CVE-2026-8451 lives in NetScaler ADC and NetScaler Gateway when the appliance is configured as a SAML identity provider, the box that authenticates your staff before they reach anything inside. The XML parser at the /saml/login endpoint fails to stop reading an attribute value when it meets a newline, so it walks past the end of the buffer and copies whatever sits in adjacent memory into the NSC_TASS cookie it returns.

That adjacent memory is not random noise. An identity gateway handles a constant stream of logins, so its memory holds session tokens, cookies and credentials for the people currently working. Leak enough of it and an attacker replays a live session, arriving as an already-authenticated employee and stepping around multi-factor prompts entirely, because the token they hold was minted after the second factor was already satisfied.

The patch was not the finish line

Citrix shipped the fix on 30 June 2026 in advisory CTX696604. Within roughly a day, sensors were catching live exploitation, and by the fourth day CrowdSec had counted 71 unique malicious addresses and 424 exploitation signals, with a single-day peak of 127. The window between a public patch and mass exploitation is now measured in hours, not weeks, because the patch itself tells attackers exactly where to look.
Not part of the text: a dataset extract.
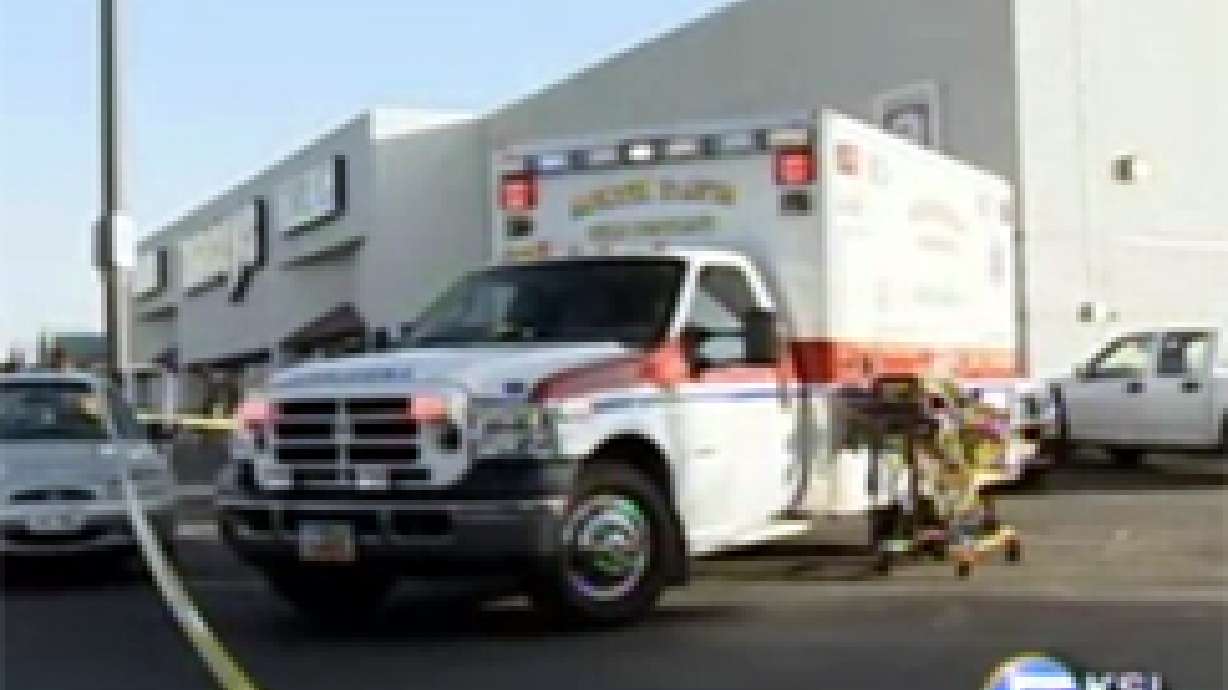 Police Search for Stabbing Suspect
This is the same class of bug that made the original CitrixBleed one of the most damaging flaws of 2023, and it keeps returning to the same product for a reason. The gateway that authenticates an entire organisation is the single highest-value box on the network, so one leaked appliance can undo every other control behind it, which is why it earns a same-day patch commitment that most firms reserve for nothing else.

What to do before the weekend

Upgrade NetScaler ADC and Gateway to 14.1-72.61 or 13.1-63.18 or later, then check whether your appliance is actually configured as a SAML identity provider, since that is the exposed path. The flaw is on the CISA known-exploited list and has drawn advisories from the UK NCSC, which for many operators is the trigger that moves it from backlog to same-day.

Then evict the sessions. A patch stops new memory from leaking, but a token stolen an hour before you patched still logs in, so terminate active sessions and force re-authentication after you update. Under NIS2 the duty to report a resulting breach falls on you as the operator, even though the flaw sits in a vendor appliance, so the record of when you patched and when you rotated matters as much as the fix itself.